A 10-Gb/s Wireline Receiver Using Linear Baud-Rate CDR and Analog Equalizer for Free Space Optical Communication Over 10-and 100-m Distances

Free-space wireless optical communication (FSO), which adopts the wavelength division multiplexing (WDM) technology, transmits and receives various data and wavelength combinations on a single channel. The mixed data and wavelengths are separated by WDM demodulation using the different refraction of light. Due to chromatic dispersion, the phase of the arriving optical signal would depend on the wavelength. Therefore, clock and data recovery (CDR) is required to determine the optimum sampling point in FSO-WDM systems.
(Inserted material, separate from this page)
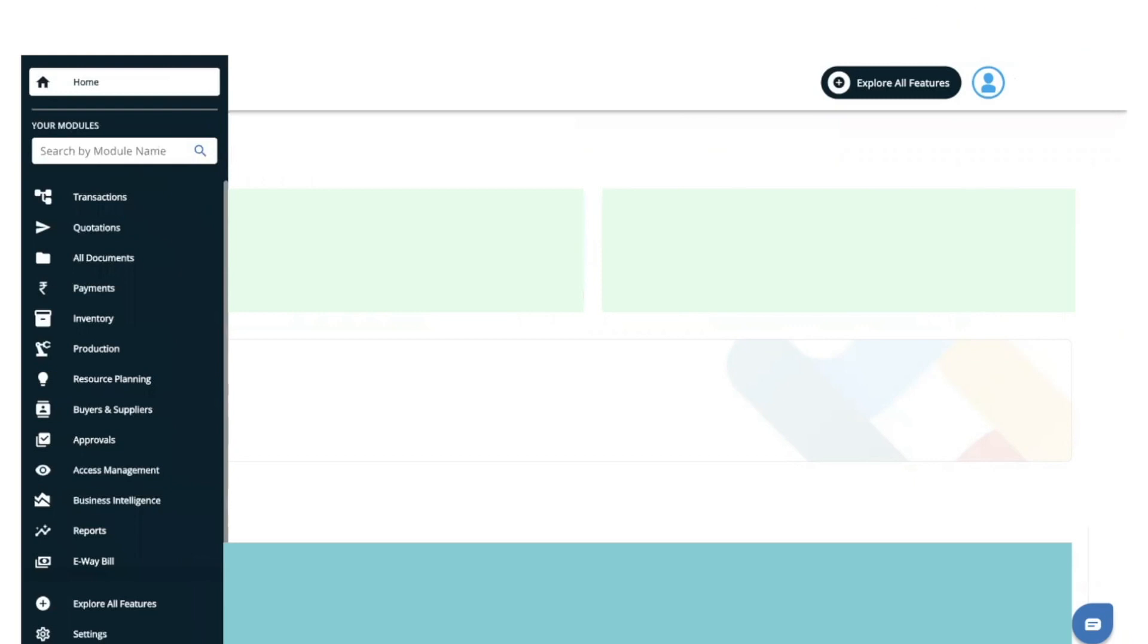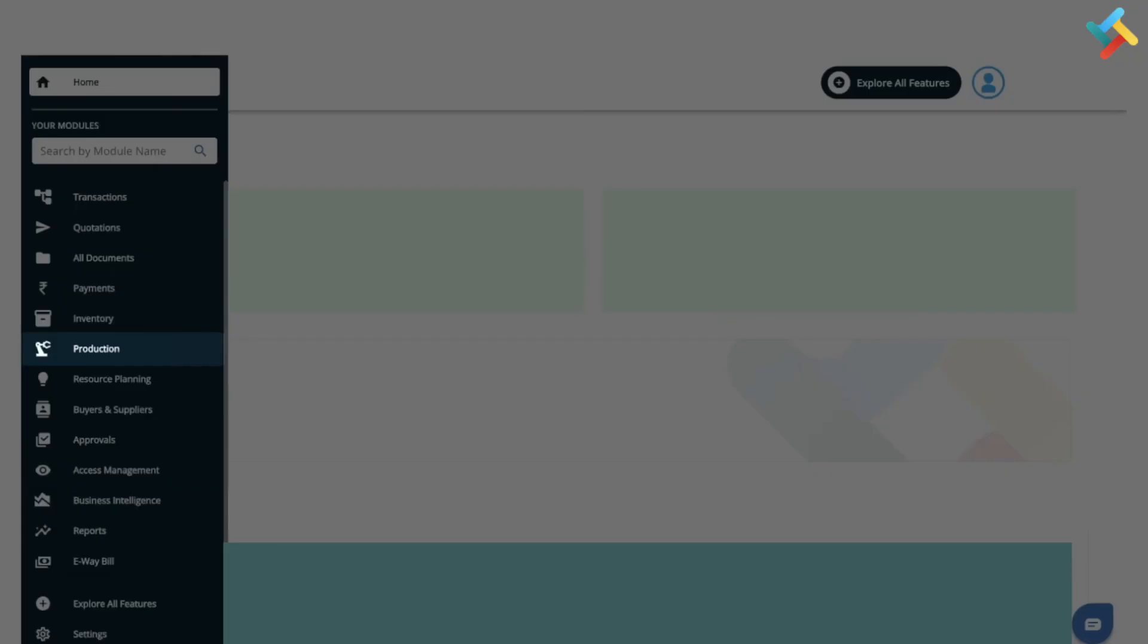Hello everyone, in this video we will guide you on how you can add routing in your production. First of all, let us go to our production module. On your left-hand side you will see the production module option, please click on this.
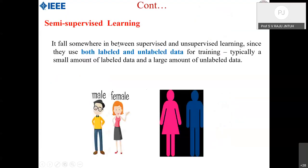Semi-supervised learning falls between supervised and unsupervised learning, using both labeled and unlabeled data for training — typically a small amount of labeled data and a large amount of unlabeled data. For the labeled portion there is no problem; for unlabeled data, a similar process to unsupervised learning is applied, and we proceed to form sub-clusters or groups.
The proposed baud-rate CDR uses an integrator to generate a clock phase at the data center. Because the integrator output determines early or late signals, the proposed CDR does not require any reference voltage or additional clock phase. The proposed analog equalizer (AEQ) of the receiver in the front end compensates for the inter-symbol interference (ISI) caused by the electrical-to-optical converter, atmospheric channel, and optical-to-electrical converter. The AEQ reduces the ISI by using a feedback loop. The prototype receiver achieved a bit error rate (BER) of 10 $^{-11}$ regardless of the wavelength thanks to the proposed AEQ and baud rate CDR in FSO-WDM system over 10-and 100-m distances. The power efficiency and area of the proposed receiver were 3.8 pJ/bit and 0.147 mm $^{2}$ , respectively.